The simplest construction I have seen is via the ‘cross ratio’ of geodesics. Here is my understanding of it:

We interpret the space of geodesics $\mathcal{G}(S)$ on the surface $S$ by lifting each geodesic to the universal cover $\mathbb{H}^2$ and identifying a geodesic with its two endpoints at infinity.
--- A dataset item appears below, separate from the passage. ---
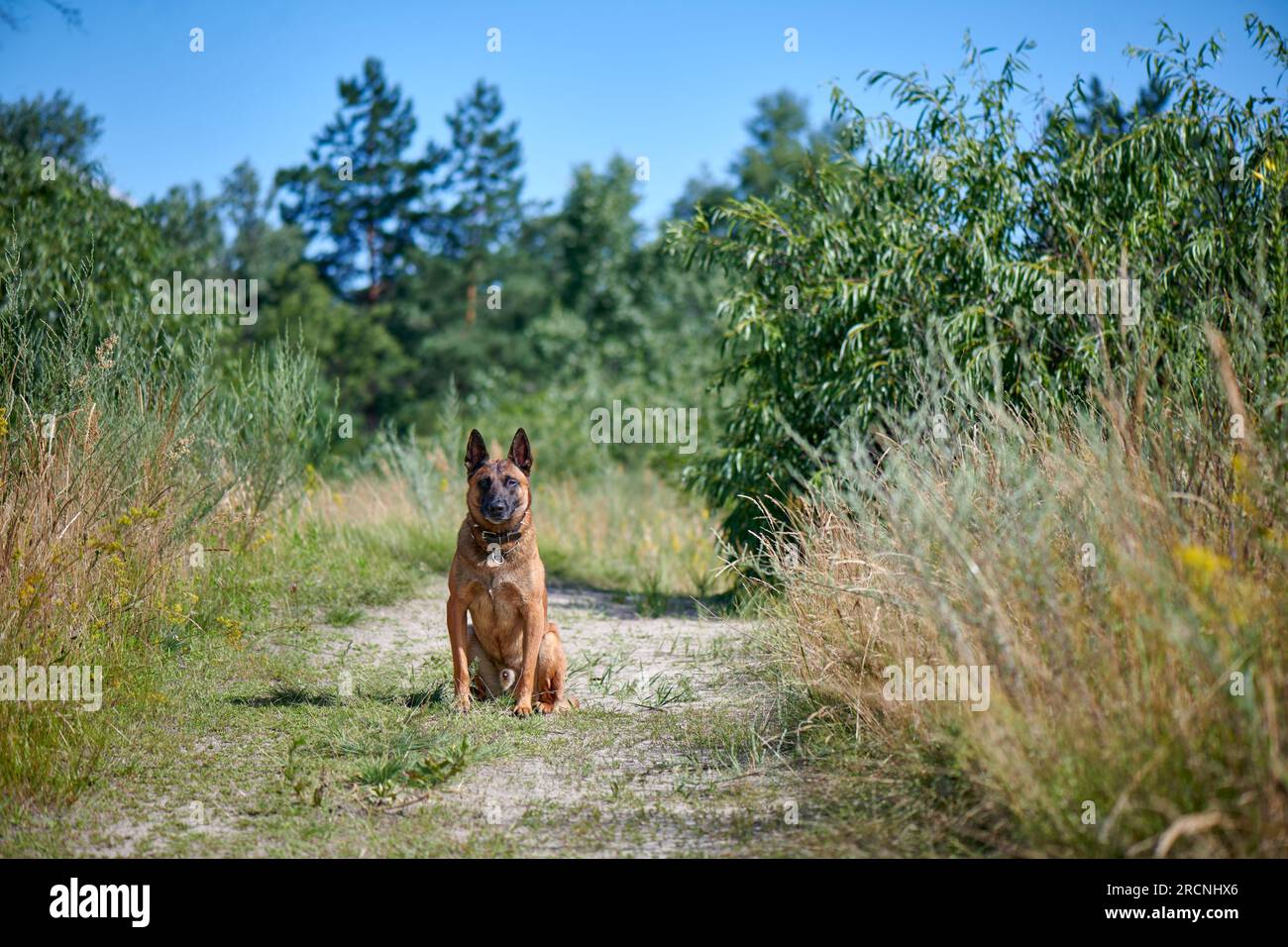 Porträt eines belgischen Hirten Malinois, der auf einer Landstraße sitzt Stockfoto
That way we can view $\mathcal{G}(S)$ as being $(S^1_{\infty} \times S^1_{\infty} - \Delta)/\sim$, where $\Delta$ is the diagonal of $S^1_{\infty} \times S^1_{\infty}$ and $\sim$ is the equivalence relation $(x,y) \sim (y,x)$.

Now pick four distinct points $a$, $b$, $c$, $d$ on the boundary of the Poincaré disk, and suppose I would like to measure the set of geodesics that have one point-at-infinity between $a$ and $b$ and another point-at-infinity between $c$ and $d$. Then letting $a_i$, $b_i$, $c_i$, and $d_i$ be sequences of points in $\mathbb{H}^2$ that converge to $a$, $b$, $c$, and $d$ respectively, we define the Liouville current measure of this set to be:

$$L_{\varphi}([a,b] \times [c,d]) = |C_{\varphi}(a,b,c,d)| = \frac{1}{2}\lim\limits_{i \to \infty} (d(a_i,d_i) + d(b_i, c_i) - d(a_i, c_i) - d(b_i, d_i)),$$

Where $d(\cdot, \cdot)$ is the distance function on $\mathbb{H}^2$. This defines our measure on closed rectangles in this space of geodesics, and so it can be extended to a borel measure on this space, which is the Liouville current $L_{\varphi}$.

My confusion is thus:

Where in this definition do we have dependence on $\varphi$? The sources I’ve looked at claim that the Liouville current is dependent on the metric. However for constant curvature hyperbolic surfaces their universal covers are all $\mathbb{H}^2$, i.e. they are isometric. And as we use the metric on $\mathbb{H}^2$ to define the cross-ratio function $C_{\varphi}$ it’s unclear why the measure of a set of geodesics would change if we began with a different metric $\varphi’$. What am I missing here?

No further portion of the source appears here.